Me crié en una familia sureña librepensadora en la que el orgullo por el clan podía conducir a toda suerte de locuras, al mismo tiempo que a sacrificios ejemplares. Mi bisabuelo estuvo sentado un día entero en la escalinata de los tribunales de Walthall, en el estado de Mississippi, debatiendo si luchar con el resto del clan en una guerra civil que sabía muy bien no podría ganarse, y por una causa que despreciaba. El orgullo requería que luchara con su clan; cayó en Shiloh. Cincuenta años después, en el Senado, su hijo desafió al líder de su partido, el presidente Woodrow Wilson, en la cuestión de si los Estados Unidos debían o no entrar en la Primera Guerra Mundial. La Cámara de Comercio de Oklahoma City le envió un telegrama en que le decía que si no apoyaba la guerra se convertiría en ex senador. El les envió otro telegrama: "¿Cuántos de sus miembros están en edad de ser reclutados?". Se quedó sin cargo, tal cual le habían prometido.
Hay un olorcillo a sulfuro aquí, quizá, pero también está la idea de que cada uno es el juez final y definitivo de lo que debe hacerse, a pesar de las seductoras tentaciones y severos edictos de los dioses. En ausencia de un dios celestial o un gobernante terrenal totalitario, siempre existe la molesta dictadura de la mayoría estadounidense, que Tocqueville vio como oscuro reverso de nuestra "democracia".
Muy de acuerdo con la tradición familiar, en 1948 me encontré en contra de la corriente de las locas supersticiones de la mayoría con respecto al sexo, lo que me costó una buena caída: el crítico permanente del "The New York Times" no sólo no hizo una reseña bibliográfico-crítica de mi transgresora novela "La ciudad y el pilar de sal", sino que además le informó a mi editor que nunca volvería a leer, y mucho menos a comentar, un libro mío; mis seis libros siguientes fueron ignorados por ese diario. Pero el orgullo requería que yo me mantuviera en mis trece, y si la masa supersticiosa -o el gran Zeus mismo- desaprobaba, yo tomaría una actitud más rebelde aún y seguiría cayendo. Comprensiblemente, para la amedrentada mayoría, el orgullo es el "pecado" más enervante, porque el orgullo los desprecia tanto como Lucifer despreciara a Dios.

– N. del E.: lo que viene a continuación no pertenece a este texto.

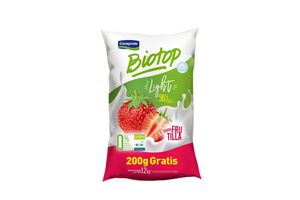 Yogur Bebible Light de Frutilla BIOTOP 1.2 L en Tienda Inglesa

Es significativo que una historia que aparece en cultura tras cultura sea la del hombre que roba el fuego del cielo para beneficiar a la raza humana. Después que Prometeo robó el fuego para nosotros, terminó encadenado a una roca, mientras que un águila le roía eternamente el hígado. La venganza de Zeus es terrible, pero el Prometeo de Esquilo no se doblega; de hecho, maldice a Zeus y predice: "Que ejecute su orden, que reine durante su corto tiempo, tal cual sea su voluntad, porque no reinará mucho tiempo sobre los dioses".
Por eso, exaltemos al orgullo cuando desafía aquellos dominios y poderes que nos esclavizan. En mi propio caso, durante un cuarto de siglo me he rehusado a leer el "The New York Times", y mucho menos escribir para él; pero, como también observa, en forma algo críptica, Prometeo: "El tiempo, que se vuelve siempre más viejo, enseña a todas las cosas". O, como comenta el Dr. Johnson al reflexionar sobre el Evangelio según San Mateo: "El orgullo debe tener su caída". Lo que prueba que era lo legítimo y no una mera imitación.